Open gdzqzzx opened 3 years ago
Glad you like it @gdzqzzx !
In answer to your questions, attaching the NVivo file to MS SQL Server shouldn't be difficult and you don't need to convert it into another format since .nvp
files are in fact just renamed .mdf
files. Although you could access the file directly through SQL Server, you would have to deal with NVivo's opaque data structures and miss out on all the hard work I did reverse engineering them!

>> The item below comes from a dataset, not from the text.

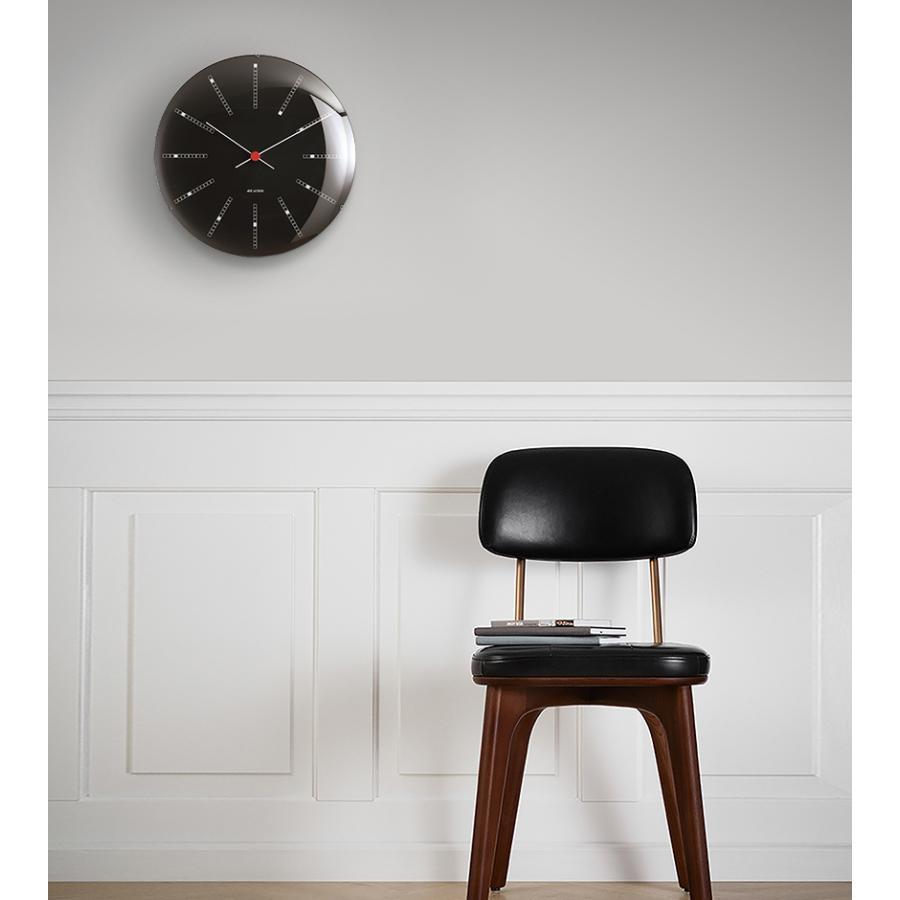 ［ ARNE JACOBSEN wall clock BANKERS 290mm ］特典付 国内正規品 アルネ・ヤコブセン AJ 29cm バンカーズ 壁掛け時計 掛け時計 アナログ 時計 ウォールクロック｜roomy｜16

Based on the error message it seems the SQL Server is unable to access the NVivo file. If you look at mssqlAttach.bat
you'll see that it doesn't attach the file directly but makes a temporary copy of it into the directory %TMP%\SQL
and (in theory) enables full access for all users to that temporary copy. Are you able to locate the file there and check the relevant permissions as discussed on this page: https://stackoverflow.com/questions/18286765/sql-server-operating-system-error-5-5access-is-denied?
Let me know how it goes and I'll try to work out a fix to the scripts.
Thanks for your quick response! I will try it and get back to you soon.
After a whole day testing, I finally attached my nvp file to MS SQL Server 2017.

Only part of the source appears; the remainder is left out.